Not much to show here as the only shots I got were in the dark of the slender cone. There was another tornado just after this, a tapered elephant trunk that the NWS in Goodland could see from their office. The shots here are all video stills.
March 23rd was a day full of strong dynamics but limited moisture/instability. My plan was to head to the I-35 corridor south of Wichita and play where the best moisture/instability intersected the dryline. We caught a nice supercell, albeit high based near Kingman, KS which was severe, produced tons of hail and had a respectable wall cloud. However, the best storm of the day would form south of Enid, Ok and move into the Arkansas City, Kansas area by late afternoon and produce two fairly weak tornadoes. The structure of the storm was by far better than I had anticipated. Later, we dropped into the Oklahoma City area to play the tail end storms for lightning. We weren’t disappointed.
June 9 had that feel to it. Everything was coming into place for a significant tornado outbreak. A triple point was situated over northwest Kansas, slowly drifting east. Very unstable, moist air was streaming in from the south, and with an approaching short wave trough, it was only a matter of time before rapid severe thunderstorm development would occur. I sat north of I-70, southwest of Hill City and watched the storm of the year develop from a small cumulus tower and become a prolific tornado producing monster.
What an interesting day this turned out to be. We started in Gillette, WY, blasted to Ekalaka, MT and sat north of town and waited, and waited and waited 🙂 Finally a high based little LP updraft developed, as usual, and was severe warned. The interesting thing with this is it was feeding on 72/56 air. It moved north and weakened.
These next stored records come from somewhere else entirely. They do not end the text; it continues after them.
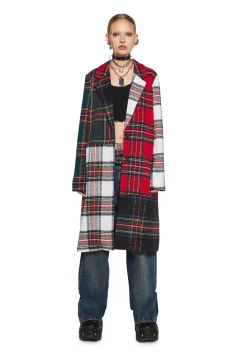 Current Mood Outerwear*Taste Of Fury Plaid Coat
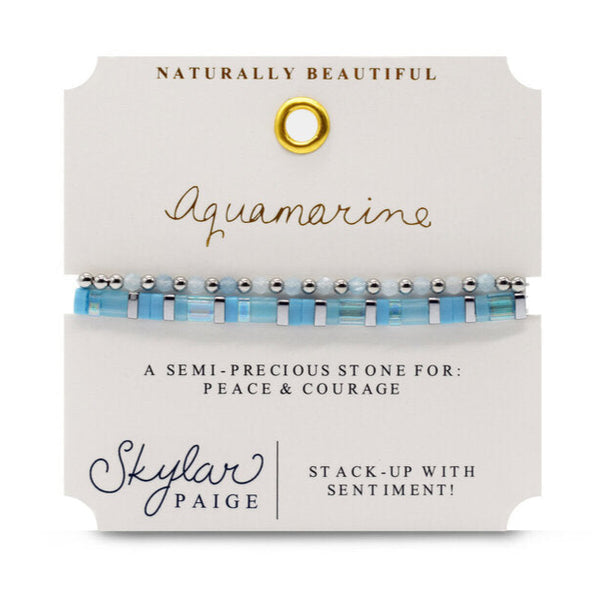 Healing Stone Bracelet Set: Aquamarine - Freshie & Zero Studio Shop
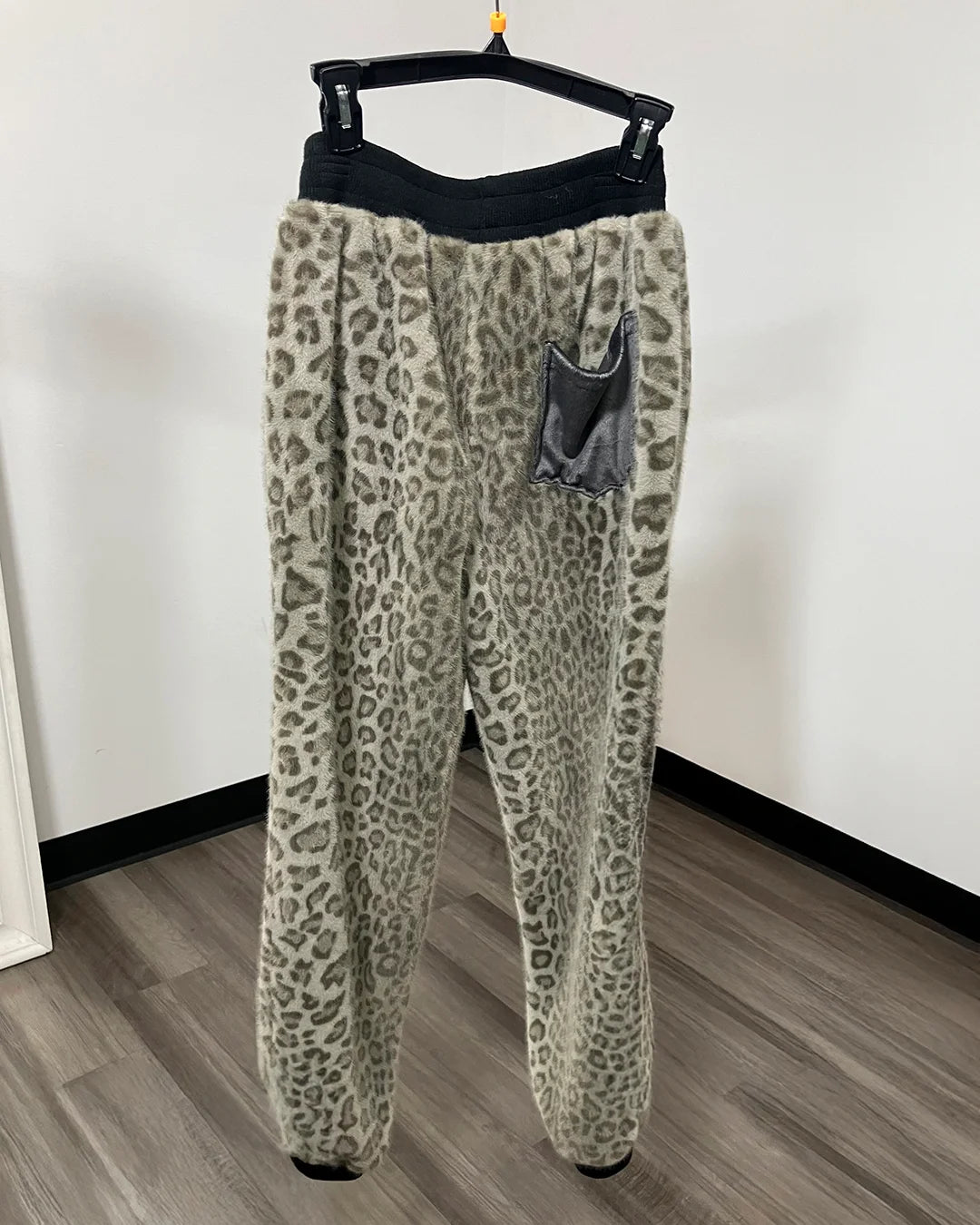 *One Of A Kind / Prototype* Super Soft Faux Fur Feline Joggers Green/Grey - MEDIUM
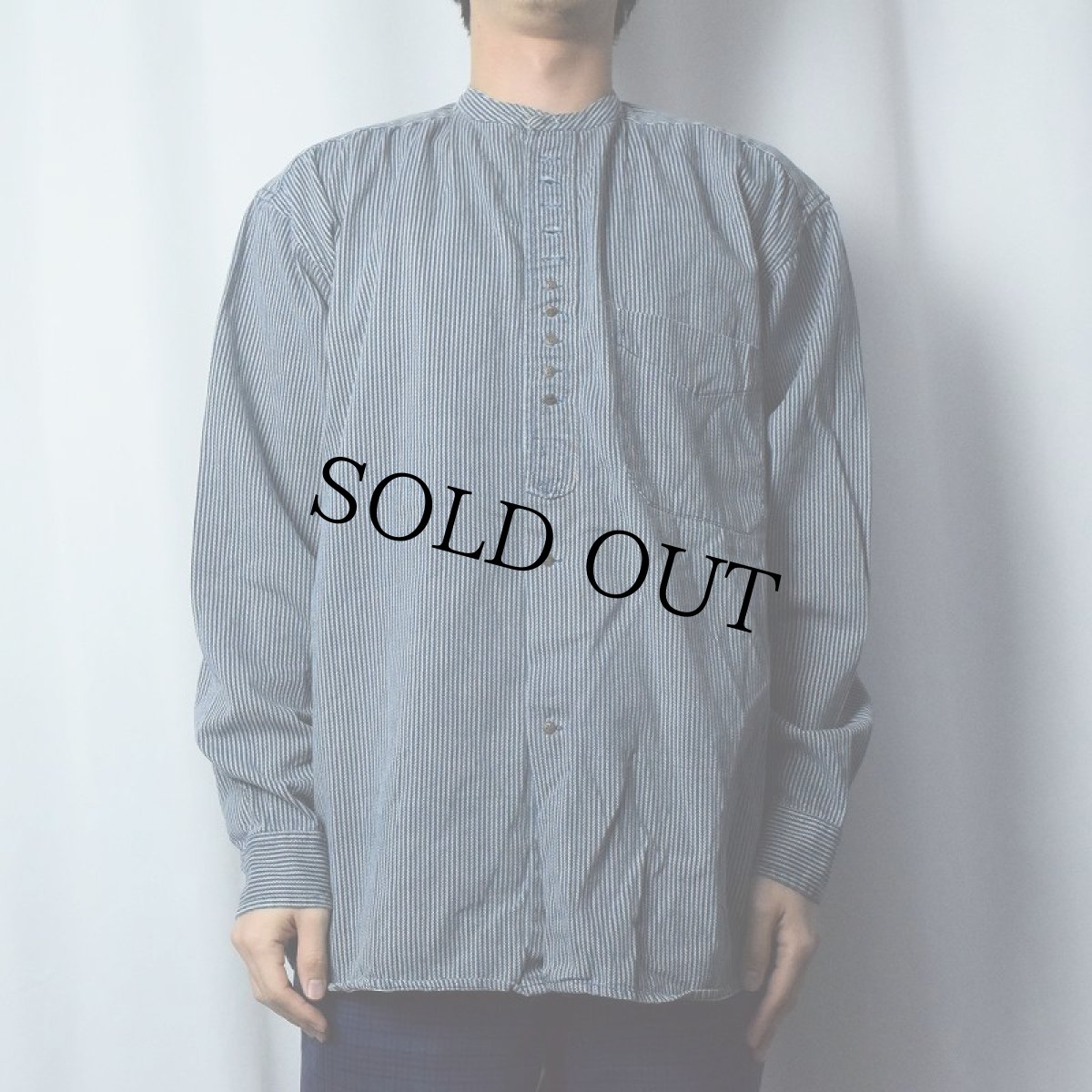 画像2: CIVILIAN ヘリンボーン柄 バンドカラーコットンシャツ M (2)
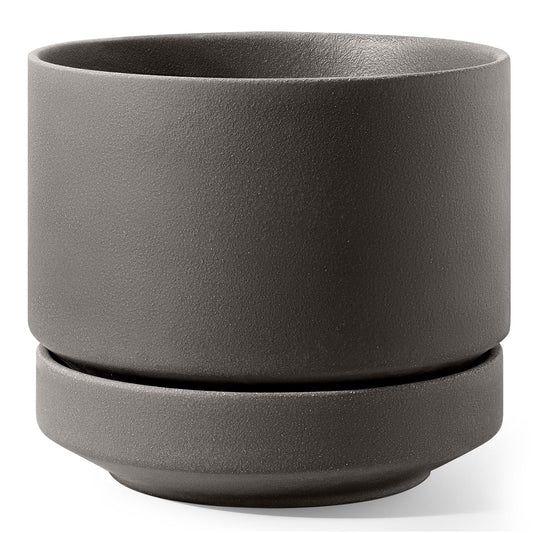 LE TAUCI 12 Inch Pot for Plants with Saucer, Ceramic Indoor Planter Pot with Drainage Hole, Mesh Pad Included, Unglazed Porous Ceramic, Modern for Home and Office, Charcoal Gray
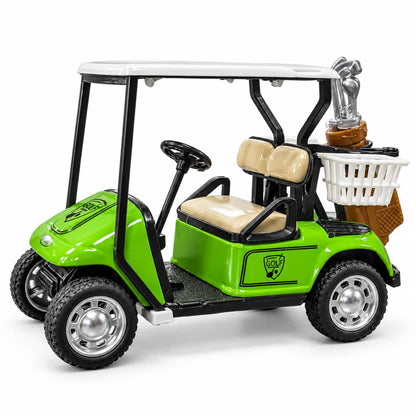 Mini Golf Cart Die Cast Metal Model Green - Pull Back Action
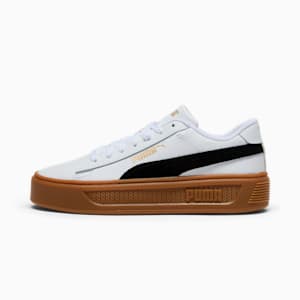 Smash 3.0 Mono Twist Women's Sneakers, PUMA White-PUMA Black-Puma Team Gold, extralarge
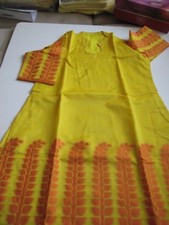 Indian 3 Pcs Salwar Suit Orange/Yellow/Gold Size L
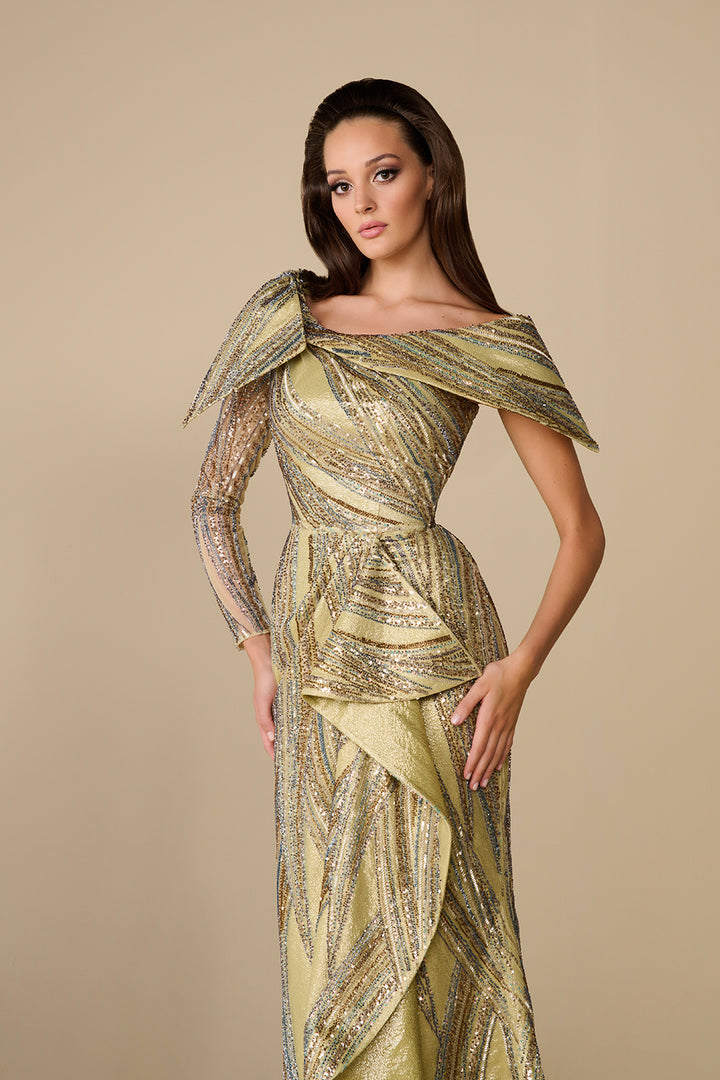 Column Silhouette Dress with Sequinned Train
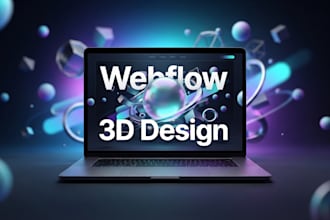 design custom webflow website build 3d animated webflow site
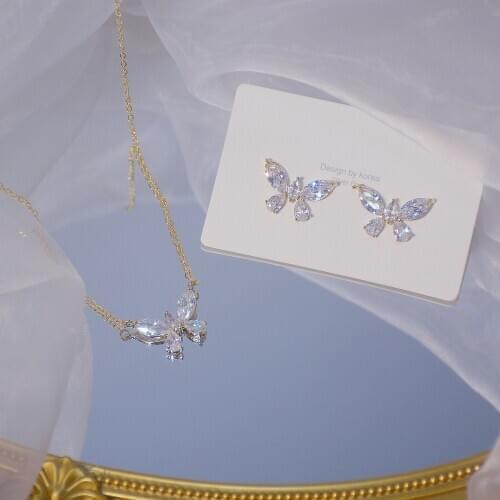 Delicate Jewelry Set Cubic Zircon CZ Butterfly Stud Earrings for Women 14k Gold Plated Earrings Necklaces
Then another storm RAPIDLY developed and intensified, southwest of town. This storm became a BEAUTIFUL striated stack of plates supercell, and quickly developed a nice wall cloud. Condensation streamed in from the northeast and soon a lowering was observed almost to the ground. Rotation developed and a funnel formed AWAY from the wall cloud. It extended a third of the way to the ground and dissipated.
Then a second funnel formed without being connected to the base, then developed a debris cloud and connected to the base!! Bizarre tornado! It stayed on the ground maybe 2 minutes and dissipated too. A third funnel formed and became a gorgeous elephant trunk tornado with INTENSE rotation and cascading motion in the cloud base. This also lasted 2-3 minutes. It also was rotating around the outer edge of the meso. A fourth funnel formed, a truncated cone, and became tornadic too with a debris cloud. This one lasted at least 5-6 minutes before dissipating. Eventually the lowering wrapped in rain, and then the rain curtains parted revealing a long slender funnel halfway to the ground!! What a surprise! I was NOT expecting this type of a supercell today at all!!
This was a tough one for me. We left Denver early this AM with a target of Dickenson, ND. After almost 800 miles, we arrived to see 3 high based storms get their act together. Strong moisture return ahead of a short wave trough would provide lift to get these storms going. In spite of only upper 50s dewpoints, these 3 storms turned into supercells, with the southern storm, near Max, ND our target. We arrived as the storm was a beautiful saucer base with clear slot. A couple of funnels formed and extended close to the ground. Close enough I would consider this tornadic.